Ok. Now, in theory - not withstanding any undiscovered side effect - Snakemake has no influence on the writing of SLURM logs. All it does is redirecting into a certain path, like any user can do with #SBATCH -o/--output. When logfiles are not written out, it is usually indicative of some sort of cluster or file system failure.

When I asked you to check, I wanted to make sure that there is no side effect (although the SLURM logs are not affected by the fs plugin). The SLURM plugin itself does not tinker with SLURM logfiles beyond giving them a path and name.

Now, I am out of ideas. But it's late for me ... Tomorrow is another day.

BTW the Snakemake log is far more informative about Snakemake errors than the SLURM log.

pdimens commented 1 week ago

Perhaps this question will be helpful: The slurm executor plugin, does it perform the copying and pasting from the node the scheduler designates for a job or on the login node before the job begins on the assigned node? If it's the latter, then it seems like everything should work, where the process would be (parenthesis indicate which node is performing the task):

snakemake(login) => copy to local-prefix (login) => run job (assigned node) => copy to original directory (login)

However, if (like me) your data is on a local storage disk that is not visible to all compute nodes, this process would likely fail:

snakemake(login) => copy to local-prefix (assigned node) => run job (assigned node) => copy to original dir (assigned node)

Given that's my setup, I want to make sure if that's at all a consideration for the behavior I'm observing?

cmeesters commented 1 week ago

The SLURM output never gets written locally. It is buffered for stdout and stderr and written out. There is no relation to the actual job in- or output, which you can stage in or out. Just run tail -f <logfile> to observe a job producing constant output to check this statement.

Snakemake essentially submits itself. Hence, the SLURM batch part of your job is the output you will see for exactly one Snakemake job (except in the group job case, where it is more). This is what you should observe for completed jobs, too. Now, in your case, SLURM stops writing upon failure - or it does not collect the streams (by just using -o we let SLURM combine stdout and stderr and you see the output along with all warning and error messages) in the first place.

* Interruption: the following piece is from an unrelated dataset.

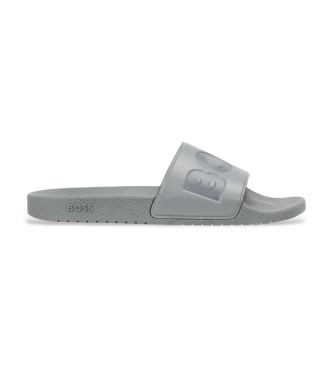 BOSS para hombre. 50536835 Chanclas Aryeh gris (40), Plano, Ninguno, Beachwear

What happens if you run sbatch error.sh with error.sh being

#!/bin/bash
#SBATCH -A <your account>
#SBATCH -p regular
#SBATCH -o .snakemake/slurm_logs/test/fail1/my_error.log

mkdir -p .snakemake/slurm_logs/test/fail1/my_error.log
srun cho "cho is no command, it should be 'echo'"

?

Hocnonsense commented 1 day ago

Is it possible that the directory of slurm stdout and stderr file does not exist? On the HPC I'm using, if a slurm job trying to create a log file to somewhere before the directory is created, it will fail with nothing output.

The plugin of executor slurm should consider this.

(this reply may be too late, do you find the real reason?)

pdimens commented 1 day ago

Thanks for continuing this thread. I've had to shift to other tasks for the time being but hope to return to this later this week or next week to continue figuring out what's going on.

The slurm log directory should be in .snakemake/slurm, as I understand it, which does exist

Hocnonsense commented 1 day ago

you can use scontrol job show 1607095 to veiw the state of job 1607095, if the path to stdout and stderr exists, then it may be caused by inconsistance of SLURM params.

cmeesters commented 23 hours ago

On a sidenote, just that it is not forgotten: The plugin code will let you know in line 88 (as of version 0.6.1 - a later version might show this in different lines) that the logdir is always created.

I still would like, that you perform this testjob. Note, that a very slow filesystem might lead to inconsistencies: If the login node creates that directory, but the information is unknown on a compute node, the job might fail silently. An alternative explanation might be a missing mount point.